Her baby is now five months old, and she explained that she hadn’t slept for more than an hour in the last 4 nights and burst into tears. Then as we walked around the block trying to get her baby to fall asleep, she explained all the reasons she felt like she was failing as a mother. Her husband is amazing, and wildly supportive, but it just isn’t the same. I think we all know that sometimes all you need is a hug from your mum.
6 weeks old with mum
I was desperate to support her and terrified I might say the wrong thing. I listened to her as we walked and tried my best to reassure her. Her baby is a beautiful happy and healthy little girl. It shocked me to see her confidence so low and so knocked, what was worst is I didn’t have any way of reassuring her. I’m her friend, and I adore her daughter, but I don’t have the experience needed to give reassurance that comes from a real place of knowledge. All I could do was tell her she was doing great, and she should probably stop googling things at 3 am. In my opinion, she is a 10/10 mother.
6 months old with the grandparents
My friend clearly needs some mothers in her life to share her experiences. She needs people who can support her and truly understand what she is going through. I know what a sleepless night feels like… But mine are caused by running late with deadlines (whoops) and going out drinking until the small hours. It’s not the same thing.

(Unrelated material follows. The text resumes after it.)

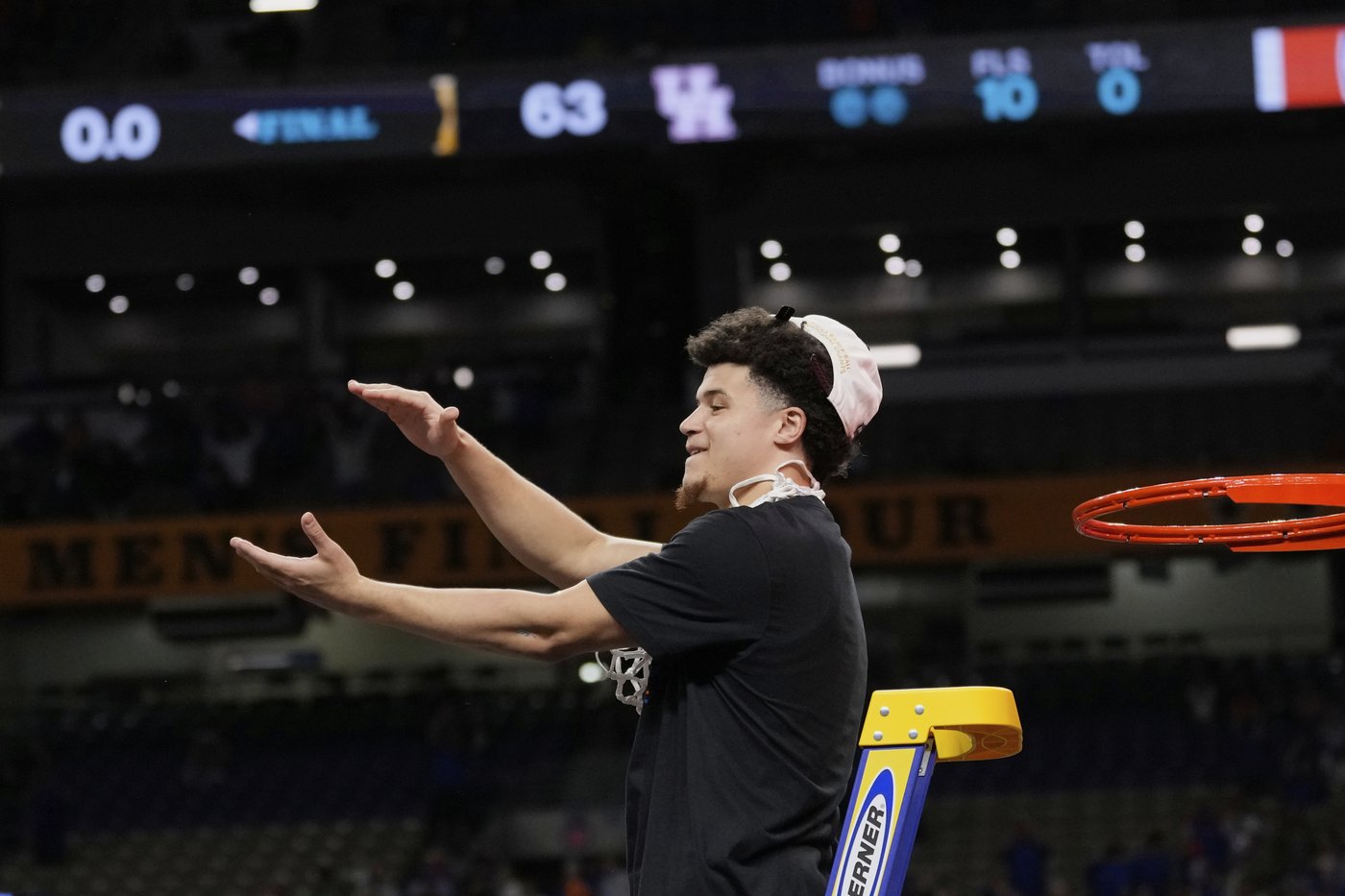 Two courts: NCAA's present (Gators!) and future play out 1700 miles apart on the same day | iNFOnews.ca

Nearly two years old with mum on holiday in Warwick
It seems to me, that as a new mum, the most important thing you can have is a community of mothers around you. But how do you find these people, especially when your friends and family are abroad and your other friends are at different life stages? This has made me realize, that no matter how much I think about motherhood, I will not be able to do it without the support of other mothers. My friends and the new friends I will meet are going to be essential to my happiness.
Photo by godmum, while we were on family holiday
It takes a village to raise a child. This is a phrase we all hear all the time. Whilst I might not be able to provide breastfeeding tips or advice on sleep training… but I can listen, tell funny stories about my dating life and pour the drinks.